§ **Problem**
Copy out each line of the material exactly. Pictures do not belong in the copy.

§ **Data extract**

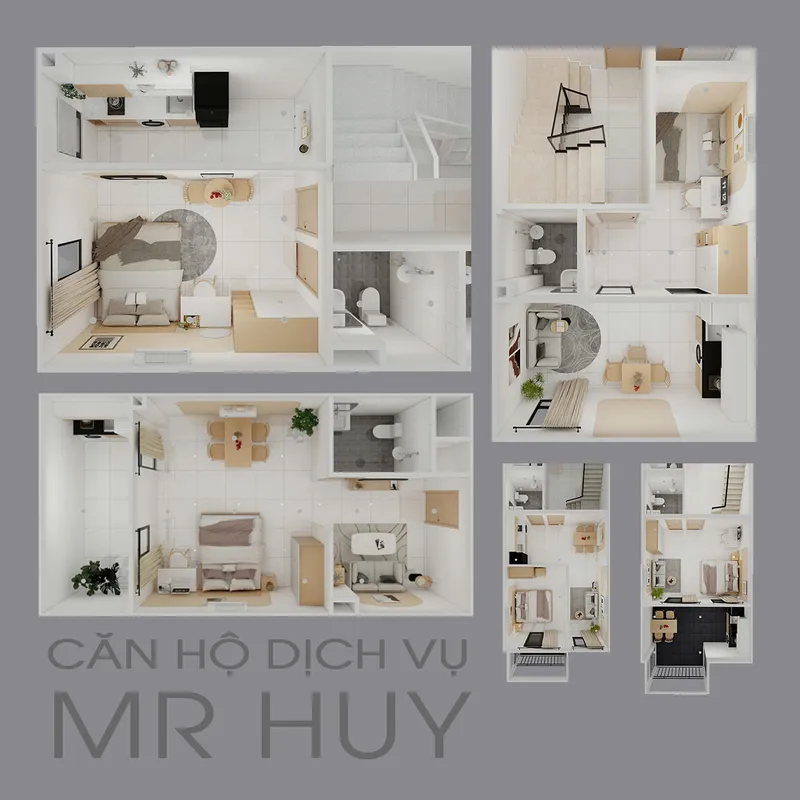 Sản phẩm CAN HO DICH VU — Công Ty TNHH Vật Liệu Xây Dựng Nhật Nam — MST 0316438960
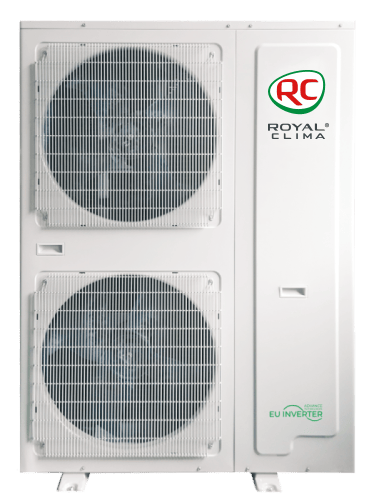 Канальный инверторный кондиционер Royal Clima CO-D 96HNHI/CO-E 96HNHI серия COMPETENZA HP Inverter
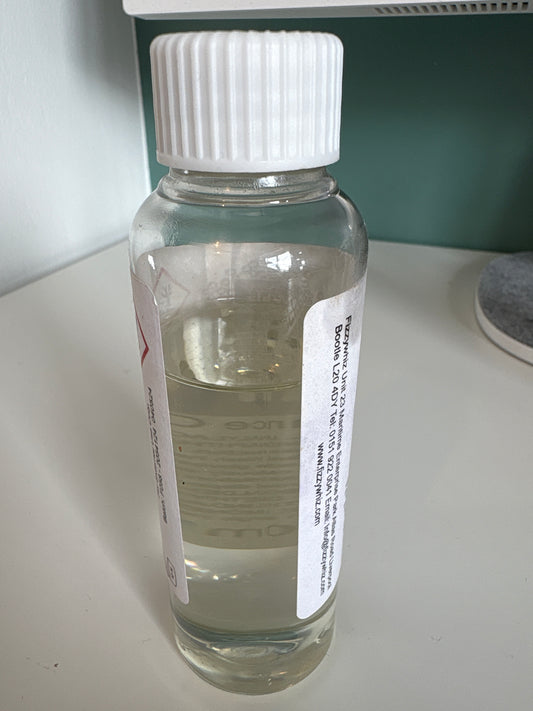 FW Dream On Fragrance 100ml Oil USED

§ **Completed task**
 Sản phẩm CAN HO DICH VU — Công Ty TNHH Vật Liệu Xây Dựng Nhật Nam — MST 0316438960
 Канальный инверторный кондиционер Royal Clima CO-D 96HNHI/CO-E 96HNHI серия COMPETENZA HP Inverter
 FW Dream On Fragrance 100ml Oil USED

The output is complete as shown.